Child crime record relief

A passport or job applicant need not reveal that he faced criminal charges as a child, draft juvenile justice rules the government released yesterday have stressed.

Ananya Sengupta Published 27.05.16, 12:00 AM

New Delhi, May 26: A passport or job applicant need not reveal that he faced criminal charges as a child, draft juvenile justice rules the government released yesterday have stressed.

Child rights activists said this would clarify a grey area in the existing law that often led to sackings and contradictory court rulings.

The relief, however, will not be available to people who have, as minors, been convicted under adult laws, as is now possible for "heinous" crimes by children aged 16 or above.

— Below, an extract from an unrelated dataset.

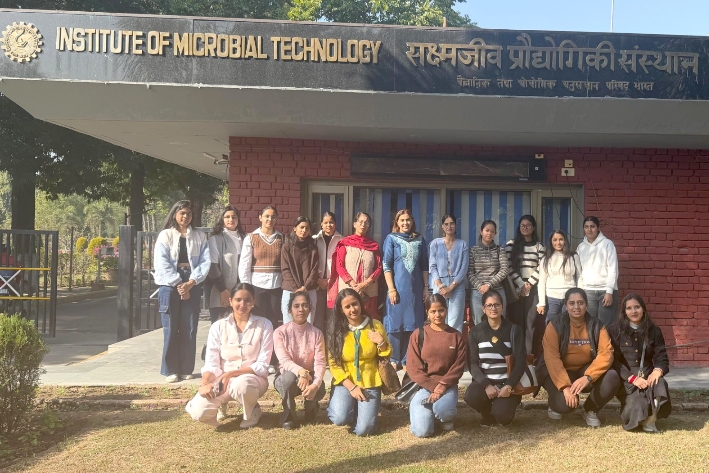 एमसीएम-36 ने सीएसआईआर–आईएमटेक द्वारा आयोजित आईआईएसएफ 2025 के कर्टन रेज़र कार्यक्रम में भाग लिया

Applicants for jobs, passports, tenancies or child adoption are often asked whether they ever faced any criminal charges. Even the existing juvenile justice law says the applicants need not mention charges of juvenile delinquency, even if convicted, and that such history does not bar them from the job or benefit sought.

It adds that a delinquent's records - whether with the police, Juvenile Justice Board or child welfare committees - must be destroyed seven years after the completion of the case.

It further says that no one should reveal a person's past juvenile delinquency - but does not explicitly state that even the police cannot do so during verifications or when asked by prospective employers.

This, activists say, has led to police disclosures and, sometimes, court endorsements of the sackings that follow.

Now, the draft Juvenile Justice Rules, 2016, for the Juvenile Justice (Care and Protection) Act, 2015, have explicitly forbidden the police from revealing "any record of the child for the purpose of character certificate or otherwise... where the case has been closed or disposed of".

The police must now "destroy the record of a child permanently" once the last appeal has been disposed of, without waiting seven years, or once the child has been released from a detention home.

Activists cite two cases to illustrate the lack of clarity that has vitiated the matter so far.

A job applicant, charged with a crime in 1996 when he was 14 and acquitted in 2003, had written "No" in the column seeking details of any criminal cases against him. He was sacked after a police enquiry.

When he moved Delhi High court, it ruled in 2006 that the "wrong he had committed" by furnishing "incorrect information" did not "stand corrected by his acquittal".

But in a similar case, Punjab and Haryana High Court ruled in 2010 that a sacked petitioner, charged with an offence in 1994 when he was eight, was protected under the Juvenile Justice Act.